Re: [PATCH v2 1/5] sched/fair: Reorder enqueue/dequeue_task_fair path

From: Dietmar Eggemann
Date: Thu Feb 20 2020 - 08:39:05 EST


On 19/02/2020 17:26, Vincent Guittot wrote:
> On Wed, 19 Feb 2020 at 12:07, Dietmar Eggemann <dietmar.eggemann@xxxxxxx> wrote:
>>
>> On 18/02/2020 15:15, Vincent Guittot wrote:
>>> On Tue, 18 Feb 2020 at 14:22, Peter Zijlstra <peterz@xxxxxxxxxxxxx> wrote:
>>>>
>>>> On Tue, Feb 18, 2020 at 01:37:37PM +0100, Dietmar Eggemann wrote:
>>>>> On 14/02/2020 16:27, Vincent Guittot wrote:
>>>>>> The walk through the cgroup hierarchy during the enqueue/dequeue of a task
>>>>>> is split in 2 distinct parts for throttled cfs_rq without any added value
>>>>>> but making code less readable.
>>>>>>
>>>>>> Change the code ordering such that everything related to a cfs_rq
>>>>>> (throttled or not) will be done in the same loop.
>>>>>>
>>>>>> In addition, the same steps ordering is used when updating a cfs_rq:
>>>>>> - update_load_avg
>>>>>> - update_cfs_group
>>>>>> - update *h_nr_running
>>>>>
>>>>> Is this code change really necessary? You pay with two extra goto's. We
>>>>> still have the two for_each_sched_entity(se)'s because of 'if
>>>>> (se->on_rq); break;'.
>>>>
>>>> IIRC he relies on the presented ordering in patch #5 -- adding the
>>>> running_avg metric.
>>>
>>> Yes, that's the main reason, updating load_avg before h_nr_running
>>
>> My hunch is you refer to the new function:
>>
>> static inline void se_update_runnable(struct sched_entity *se)
>> {
>> if (!entity_is_task(se))
>> se->runnable_weight = se->my_q->h_nr_running;
>> }
>>
>> I don't see the dependency to the 'update_load_avg -> h_nr_running'
>> order since it operates on se->my_q, not cfs_rq = cfs_rq_of(se), i.e.
>> se->cfs_rq.
>>
>> What do I miss here?
>
> update_load_avg() updates both se and cfs_rq so if you update
> cfs_rq->h_nr_running before calling update_load_avg() like in the 2nd
> for_each_sched_entity, you will update cfs_rq runnable_avg for the
> past time slot with the new h_nr_running value instead of the previous
> value.

Ah, now I see:

update_load_avg()
update_cfs_rq_load_avg()
__update_load_avg_cfs_rq()
___update_load_sum(..., cfs_rq->h_nr_running, ...)

^^^^^^^^^^^^^^^^^^^^

Not really obvious IMHO, since the code is introduced only in 4/5.

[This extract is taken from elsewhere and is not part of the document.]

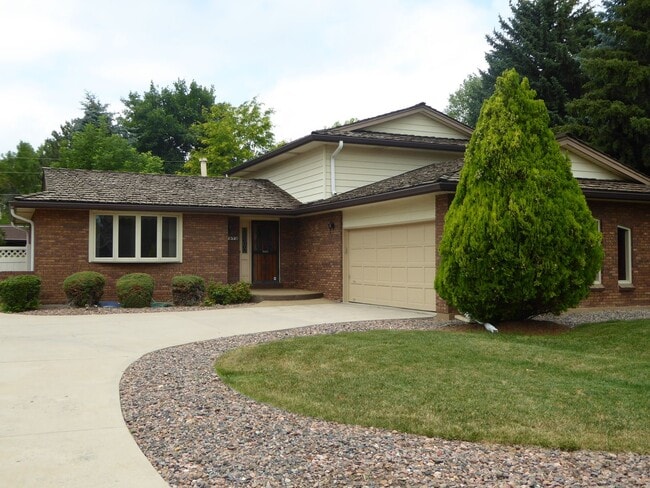 Building Photo - 7573 Lee Dr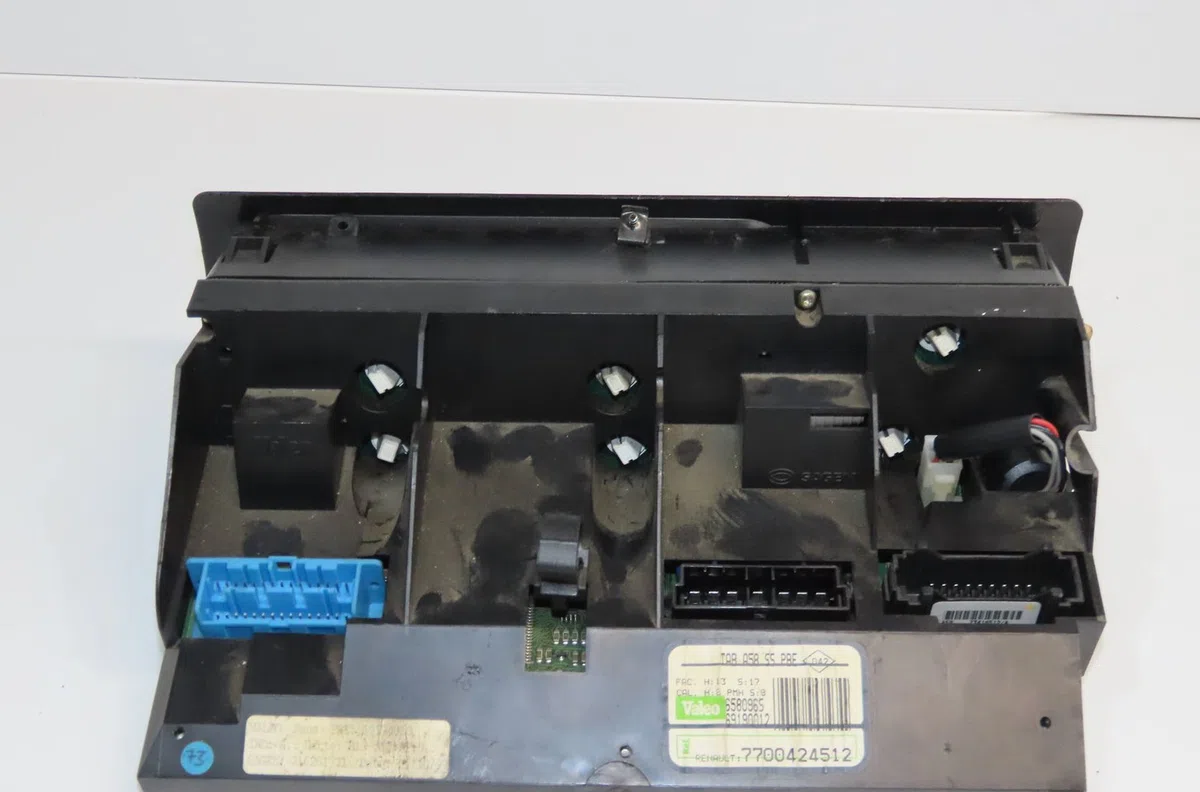 Commande de chauffage Renault SAFRANE II (B54_) 2.2 dt (b54g) (1996-2000) 5 portes occasion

Could you add a comment to this patch header?

I see you mentioned this dependency already in v1 discussion

https://lore.kernel.org/r/CAKfTPtAM=kgF7Fz-JKFY+s_k5KFirs-8Bub3s1Eqtq7P0NMa0w@xxxxxxxxxxxxxx

"... But the following patches make PELT using h_nr_running ...".

IMHO it would be helpful to have this explanation in the 1/5 patch
header so people stop wondering why this is necessary.